Pride of place should go to Professor Paul Trebilco (University of Otago, New Zealand) who gave a fascinating keynote paper ‘Engaging—or Not Engaging—the City: Reading 1‑2 Timothy and the Johannine Letters in the City of Ephesus’ in which he argued that reading the Timothy and Johannine correspondences in the setting of Ephesus around the same time (late first century) showed two different Christian approaches to city life. 1 and 2 Timothy present a strategy of engagement, in which believers pray for the authorities, are concerned about the opinion outsiders hold of them, do good works for ‘all’, and adopt the language of the city in reflecting on Jesus (epiphany language, saviour, Lord) and in the virtue of εὐσέβεια. There is critique of the city in these letters too, in the assertion of the unique glory of God and the one mediator Jesus Christ, in criticism of the rich, and the contrast of ‘the present age’ and ‘the age to come’. By contrast, the Johannine letters, although they show signs of some involvement in wider city culture, are dualistic in setting ‘the world’ sharply over against the believing community—the world hates believers, and is a threat to believers in maintaining their single-minded devotion to Christ.
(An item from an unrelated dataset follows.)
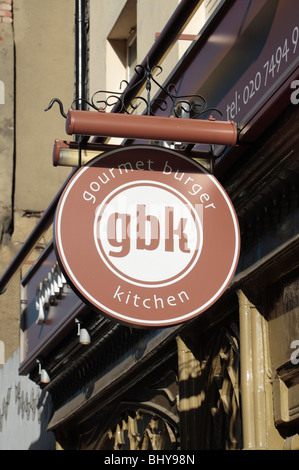 Le symbole de la marque au-dessus de la Cuisine Gourmet Burger (GBK) entreposer dans Frith Street, Londres, Angleterre. Nov 2009 Banque D'Images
It is not that they are in a Qumran-like withdrawal from the world—there are features in the letter which make clear that they live among non-believers—but rather that they are to see themselves as ‘out of God’ (ἐκ τοῦ θεοῦ) (1 John 4:4-6; 5:19) but ‘in this world’ (1 John 4:17). Professor Trebilco suggested that the two believing groups both lived in Ephesus (a massive city of 200,000+) around the same period and probably knew each other, but took rather different Christian approaches to engagement with the city.
Three papers explored particular aspects of the Roman imperial setting of cities. Professor David Gill (University Campus, Suffolk), a classical archaeologist with strong interests in the New Testament, gave a splendid introduction to early Christianity in the contexts of Roman colonies in the eastern empire with excellent slides (mostly his own photographs).
Dr Volker Rabens (Friedrich-Schiller-Universität, Jena, Germany) sketched Paul’s mission strategy in the urban landscape of the first century, arguing that Paul did not have a ‘master plan’, other than a general aim to take the gospel to a wide range of cities where it had not been heard ‘from Jerusalem to Illyricum’ (Romans 15:19-20). He was sceptical of grand plans, such as those of Rainer Riesner and Tom Wright, who argue for particular influences on Paul’s movements, although he accepted Riesner’s view that a retrospective reading of Isaiah 66 enabled Paul to interpret his gospel travels. Dr Rabens recognised that Paul wanted to win people to faith in Christ, and then to see them ‘become the gospel’ (a phrase borrowed from Michael Gorman)—and that desire led to second, third and more visits to that end.
Professor Joan Taylor (King’s College London) presented a fine study of Caesarea Maritima, drawing on archaeological work which has been done in recent years to provide a good portrait of the city. I was struck by the dominance of the imperial temple in the city’s geography—which Acts does not mention, of course—and the statement it made of what mattered in the city.
Four papers brought perspectives from or influenced by modern human geography. Professor Paul Cloke (University of Exeter), himself a human geographer, outlined the development of the theme of ‘spiritual landscapes’ among geographers, emphasising the way faith in the invisible power of God is seen in events and faith in particular places. He applied this line of thinking to Colossae, particularly in reading the letter to the Colossians, influenced by Brian Walsh and Sylvia Keesmat’s Colossians Remixed, and identified Colossae as a city marked by the visible and invisible powers of empire, recognised in control of freedom, economics, and culture in a way that shaped both urban spaces and their apprehension by city-dwellers. This threat Colossians meets by recognising other dimensions of kingdom power and worship drawing on the grace and peace of Christ.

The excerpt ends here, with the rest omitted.